The $2.5 billion amount was calculated by the carriers as the additional jet fuel expense they now expect to incur this year compared with earlier forecasts. That estimate rests on an assumption that jet fuel prices will average above $4 a gallon for the remainder of the year.
Negotiations over a potential economic aid arrangement are ongoing and are expected to proceed in the coming days. Executives from several budget airlines met with senior U.S. officials in Washington, D.C., last week as part of those discussions.
Global airlines have been hit by a spike in jet fuel costs, with the disruption to oil supplies attributed to the U.S.-Israel war on Iran cited as a driver of higher upstream prices. Low-cost carriers are viewed as particularly exposed because they typically operate with very thin profit margins.
Separately, the Trump administration has been seen considering measures to prevent the liquidation of Spirit Airlines. The company is reportedly in talks that could provide up to $500 million in assistance in return for warrants that would grant a major stake in the airline.
Context and implications
The carriers calculated their request by comparing updated fuel-cost forecasts to earlier projections, isolating the incremental burden they say has arisen from recent price movements.

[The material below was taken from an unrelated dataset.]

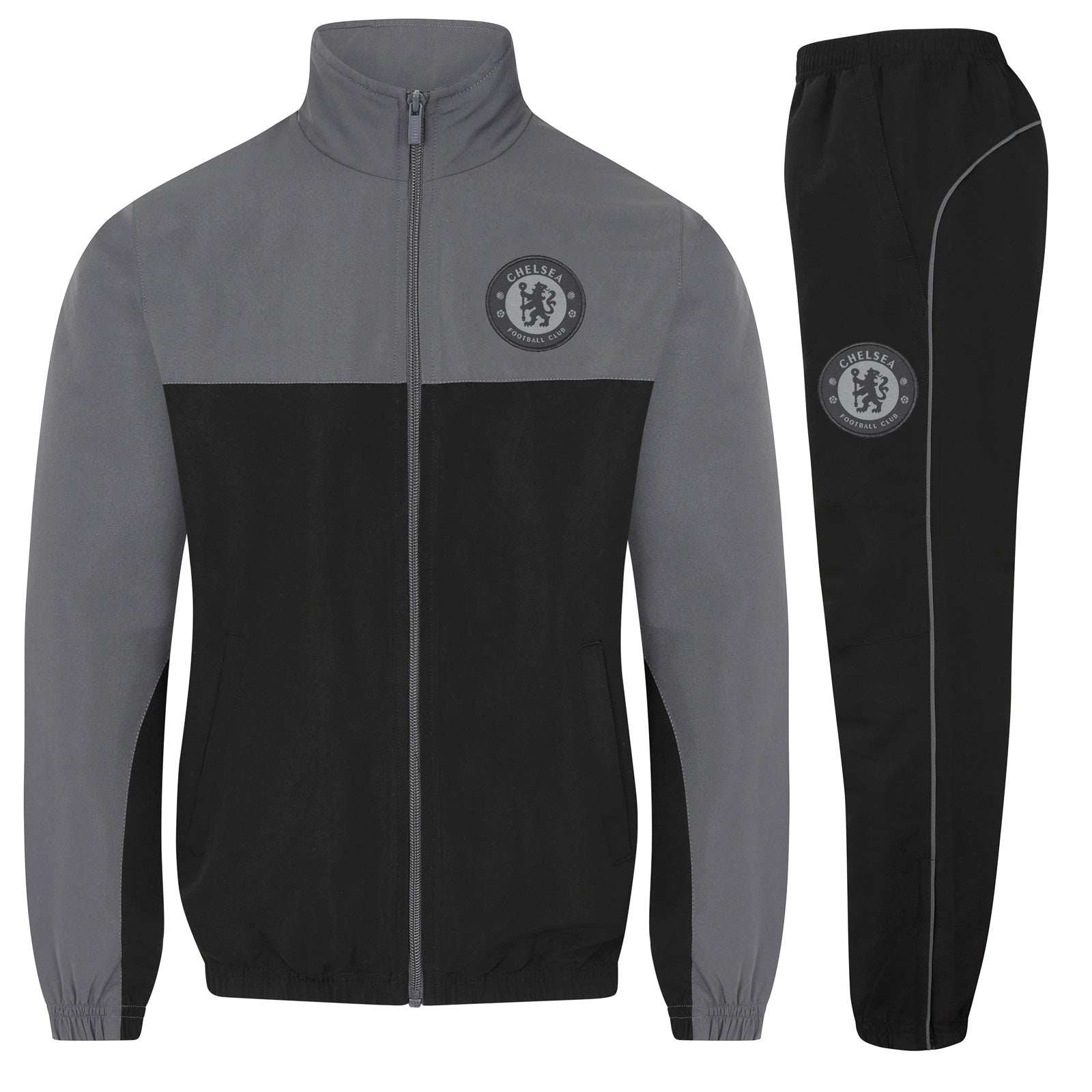 Chelsea kids tracksuit in grey with club crest to chest and left thigh
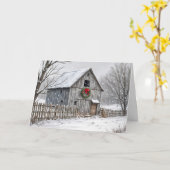 Alter Stall mit Weihnachtskranz Karte (Gelbe Blume)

The explicit fuel-price assumption used in the calculation - an average above $4 a gallon for the balance of the year - is central to the $2.5 billion estimate.
The structure of the proposal - aid exchanged for warrants convertible into equity - would provide the government a potential ownership avenue if the assistance is provided and subsequently converted.
Talks between airline executives and government officials indicate active consideration of targeted relief for the sector, with attention on carriers perceived as most at risk due to narrow operating margins.